Song 82: Influence of DIY constructions

Forbidden Planet: Main Titles (Overture)”  composed by Louis and Bebe Barron.

“Forbidden Planet was a huge event in our neighborhood, made even larger because you could get in for free with a Quaker Oats proof of purchase coupon.  Everybody went. When the movie was over we all walked out of the Port Theater into the bright light and familiar neighborhood sights, but we were changed.”

My dad was 10 when Forbidden Planet came out—a big-budget MGM sci-fi extravaganza based on Shakespeare’s The Tempest, which was one of the first movies to depict humans with enough technological sophistication to explore deep space (rather than having the extraterrestrials come to us). Just as important—and perhaps even more otherworldly—was the all-electronic soundtrack by husband and wife team Louis and Bebe Barron, also the first of its kind.      

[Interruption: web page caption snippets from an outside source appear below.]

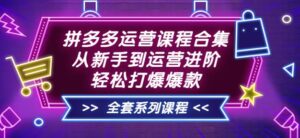 拼多多运营课程合集：从新手到运营进阶，轻松打爆爆款（全套系统课程）-流年日记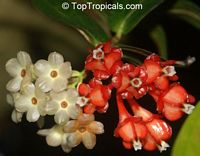 Anthopterus wardii, Neotropical Blueberry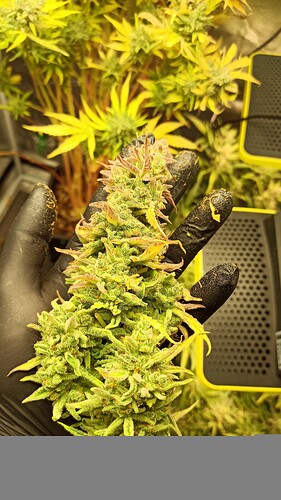 ac1297ad-fed0-482c-bab6-28d013b3093b-1_all_57238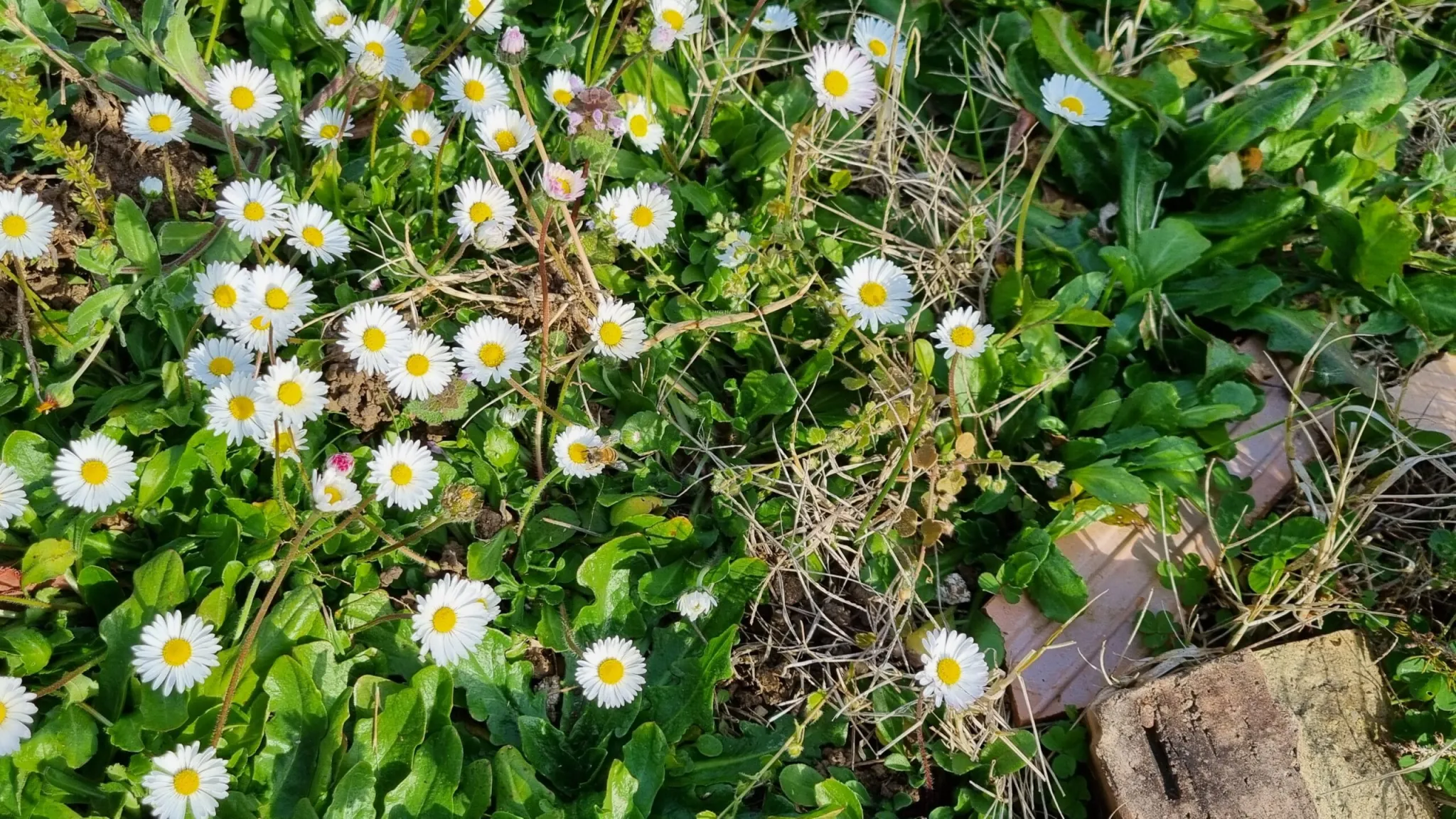 Diffondere la Sua gioia nel mondo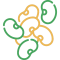 legumes (1) legumes (1)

Louis built the electronic circuits himself and was in charge of recording the outcomes, which were unpredictable and unrepeatable as they required the circuits to overload and burn-out.  Bebe was the composer, shaping music out of hours of recorded noise which she manipulated through tape delay, reverb, loops, collage, and other methods to create the bubbling sound environment of the film. They had worked together on John Cage’s early tape experiments; in fact, it was Cage himself who encouraged them to think of their work as music. Despite this they were banned from Oscar consideration due to a dispute with the American Federation of Musicians (perhaps due in part to insecurities about musicians being replaced by machines)—and a last-minute change to the credits replaced “Electronic Music” with “Electronic Tonalities” in a reversal of Cage’s earlier proclamation.

All of my dad’s art projects require some sort of homemade technology, so the Barron’s DIY constructions were right up his alley. Robby the Robot from Forbidden Planet was another source of this compulsion, as my dad himself explains: “This began my mad scientist phase.  I am still very much in that phase. I collected old radios including several short wave sets, mechanical items, motors, record players, army surplus, junk anything. These were all pressed into robot construction.”  He later built a theremin, and after retiring to Longmont, CO he acquired a following of neighborhood kids as each Halloween he would don his Clara Rockmore T-shirt and play an impromptu concert for unsuspecting trick-or-treaters—the performance growing more atonal and raucous as the night wore on.  

My dad’s love of electronic music also helped to counteract the dogmatic threat of my own teenage acousticism, which had me believing Bob Dylan’s electrification of the Newport Folk Festival was still a salient controversy in the early 90s.

The opening overture to Forbidden Planet is singularly thrilling as the MGM lions roar into a spacescape of sounds no one had ever heard before.  It’s no wonder my dad was forever changed.